Material shown
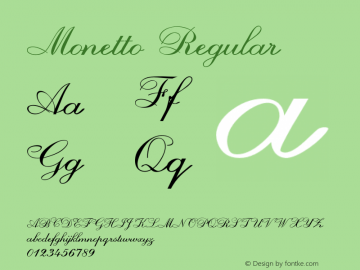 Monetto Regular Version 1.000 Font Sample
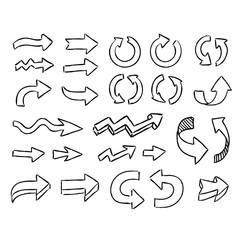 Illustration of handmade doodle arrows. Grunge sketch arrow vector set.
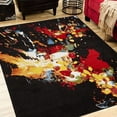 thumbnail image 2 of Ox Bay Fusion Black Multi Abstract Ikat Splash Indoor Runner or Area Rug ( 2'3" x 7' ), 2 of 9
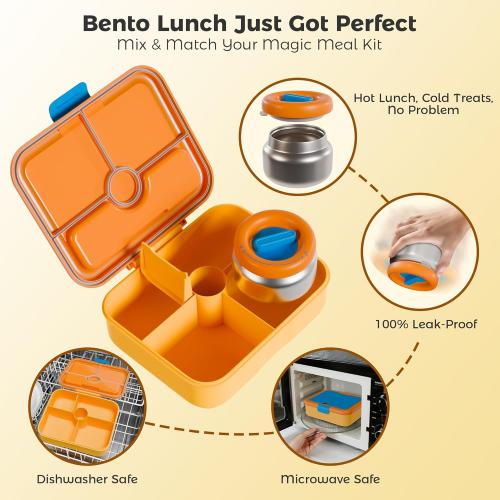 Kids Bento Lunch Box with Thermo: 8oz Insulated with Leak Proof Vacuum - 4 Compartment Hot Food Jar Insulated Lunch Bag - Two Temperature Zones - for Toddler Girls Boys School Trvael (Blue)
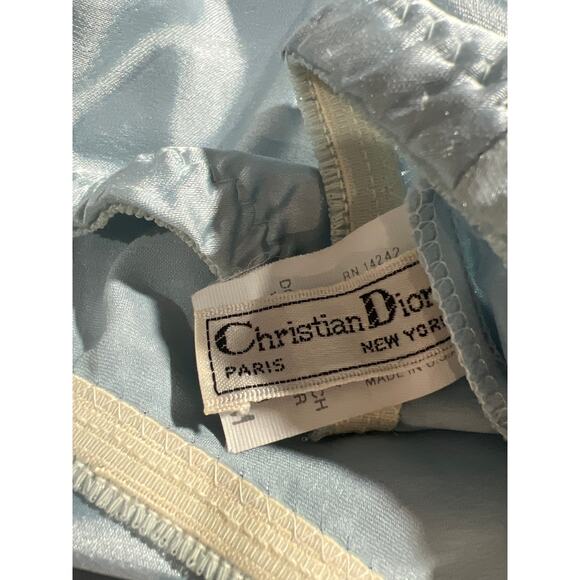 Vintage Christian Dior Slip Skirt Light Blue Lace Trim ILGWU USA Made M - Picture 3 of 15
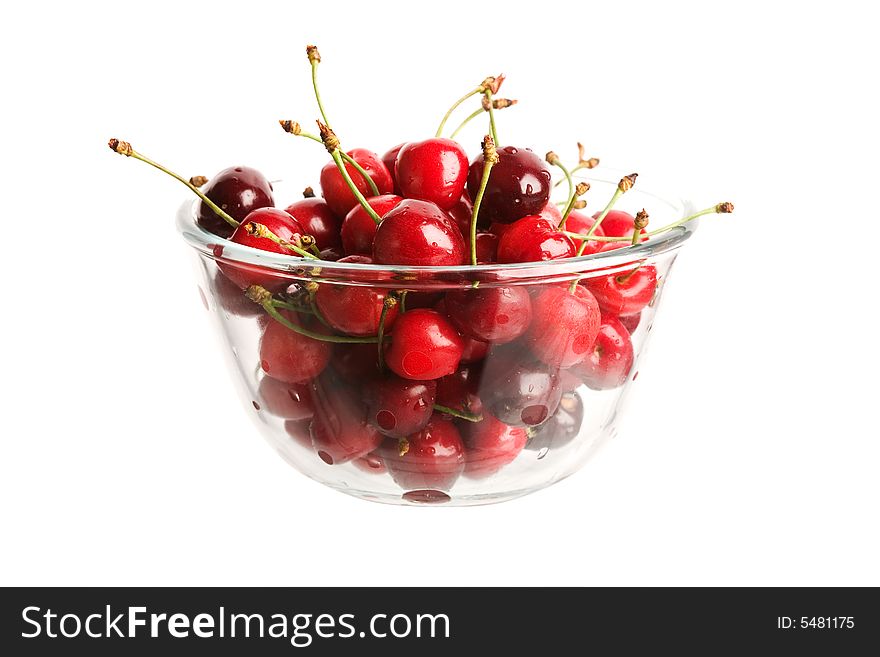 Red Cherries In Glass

What is being asked
Would it be possible to copy the material exactly, excluding the images?

Answer section
 Monetto Regular Version 1.000 Font Sample
 Illustration of handmade doodle arrows. Grunge sketch arrow vector set.
 thumbnail image 2 of Ox Bay Fusion Black Multi Abstract Ikat Splash Indoor Runner or Area Rug ( 2'3" x 7' ), 2 of 9
 Kids Bento Lunch Box with Thermo: 8oz Insulated with Leak Proof Vacuum - 4 Compartment Hot Food Jar Insulated Lunch Bag - Two Temperature Zones - for Toddler Girls Boys School Trvael (Blue)
 Vintage Christian Dior Slip Skirt Light Blue Lace Trim ILGWU USA Made M - Picture 3 of 15
 Red Cherries In Glass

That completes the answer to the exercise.